The survey was conducted less than a month after the failure of Silicon Valley Bank, Signature Bank and First Republic and revealed executives’ uncertainty about the implications of the bank collapses and how to respond.
While 62.4% of CEOs said they’re somewhat or very concerned about the stability of their company’s bank, 87.8% say they plan to maintain the relationship.
Yet, about 27% of CEOs reported that they’ve found it more difficult to borrow over the past year, while 40% did not and almost 33% have not attempted to borrow in the past 12 months.
The percentage of CEOs who reported being concerned about their bank’s stability was virtually the same whether the company used a large national bank or a smaller regional institution.
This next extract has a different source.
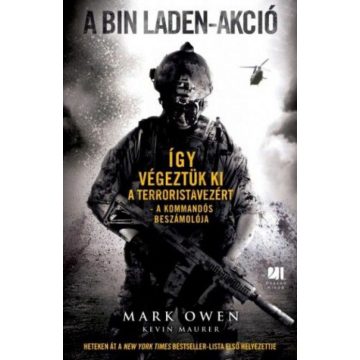 Kevin Maurer, Mark Owen: A Bin Laden-akció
Fears about a larger banking crisis have not affected most CEOs’ outlook. But when the survey is broken down by industry, there are stark differences in outlook, which reflect growing concerns that banking crisis may trigger a commercial real estate decline. In February, 45% of real estate executives polled expressed strong optimism about the business outlook. By April, that number had fallen to just 11%.
“In light of recent events, mid-market CEOs show increasing concern for banking partner stability, yet the majority maintain their relationships, reflecting trust in financial institutions,” said Jeffrey M. Weiner, Marcum’s chairman & CEO.
The survey polled CEOs of companies with revenues ranging from $5 million to over $1 billion. This latest survey was conducted the week of April 10, 2023, and polled 255 CEOs.